SS should be what it was intended for, a broad based tax collected to protect the most vulnerable -- the disabled and elderly who cannot work and are without a retirement. Nothing more, nothing less.

Compassionate, smart and adequate safety nets are a moral imperative. Waste is not.
 
Medicare should be treated much the same. If you can afford other insurance, you shouldn't be able to drop and enroll in Medicare. Change insurance to a consumer driven, consumer choice model and prices will plummet. Give the tax benefit to the consumer, not the employer, add HSAs and a vast portion of the uninsured will actually be able to afford adequate coverage. For the rest, a reformed Medicare system would work.
 
I agree wholeheartedly with your first point TahoeHorn. Non-defense discretionary spending is really an insignificant portion of the federal budget.

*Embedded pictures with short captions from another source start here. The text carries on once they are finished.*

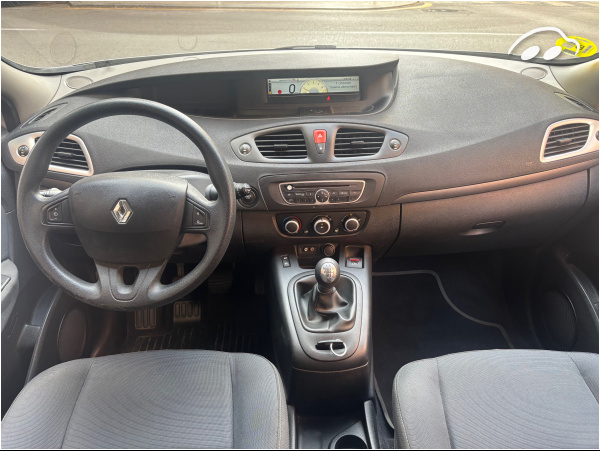 Renault Scénic  7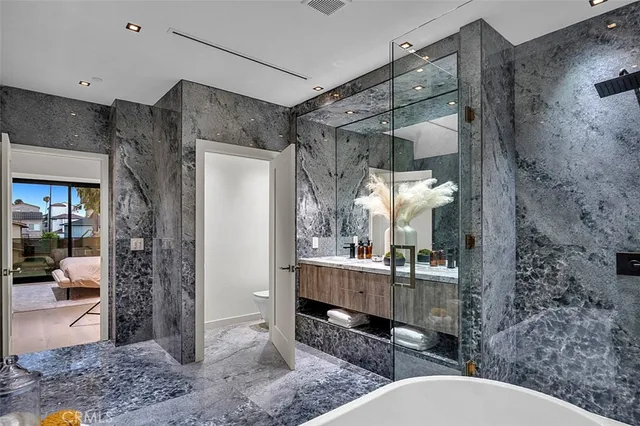 $3,095,000 | 505 17th Street, Huntington Beach, CA 92648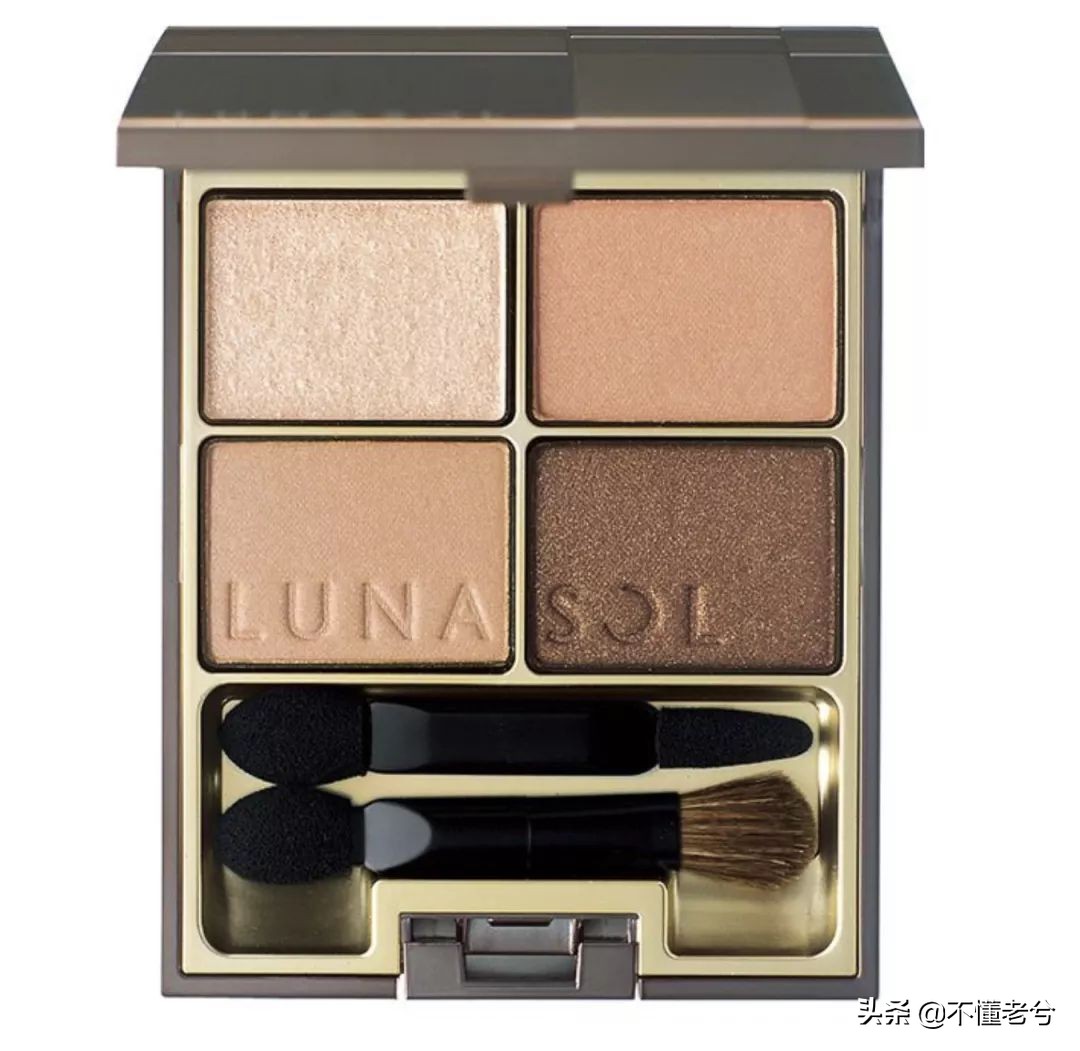 汤姆福特和迪奥哪个眼影盘好,汤姆福特20号眼影教程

But why do you say the interest is phenomenally managed? In 2007 interest payments constituted 8% of the whole federal budget, $243.7 billion. That's a lot of money that could be spent on real programs.
 
HitH,

The US government competes in the credit markets with millions of other borrowers. There are more brilliant people analyzing these markets than you can imagine. Hell they have more second guessers than Greg Davis. But their second guessers are professionals who make millions on Wall Street. The rates the US Treasury gets in their auctions appear to be as good as could be done. The people managing these auctions are highly skilled. The level of secrecy and integrity is astounding. If the auction goes off at 5,24% you don't hear too many people think they could have gotten 5.23% by doing something different. Maybe once in a blue moon they could have done a basis point better by being smarter. The contention that you could manage that portfolio of trillions by getting lower rates is really fairly absurd. This is true of every President, every year, all the time. there are actually a few parts of our government which work phenomenally well. This is one of them.
 
Imagine how much better off we would be without acting like an imperlistic bunch overseas having military basis everywhere.

You think Western Europe could survive without us? What about Japan? What if South Korea paid for their defense?


Vietnam really hit the crapper after we left. How much do we spend on Egypt and Israel? Why crap do we spend any money there? Why are they important compared to say Canada or Mexico?
 
You all speak of healthcare like it's the market for IPODS or computers. It is so vastly complex that while a check-up for your kid might be a shop around type commodity, you still have a huge coordination of services to provide for many diseases (lab, radiology, ancillary testing, pharmacy, etc).

Imagine trying to buy your home computer buy going to several different stores to get the parts and hoping you can find someone to put it together. A major pain in the butt.

But we are not talking computers. We are talking people, and when you cheapen up your complicated illnesses or put off getting your diabetes checked because of "consumer driven" choices then you are screwed. People will pay for vacations and internet, they balk at paying out of pocket for healthcare.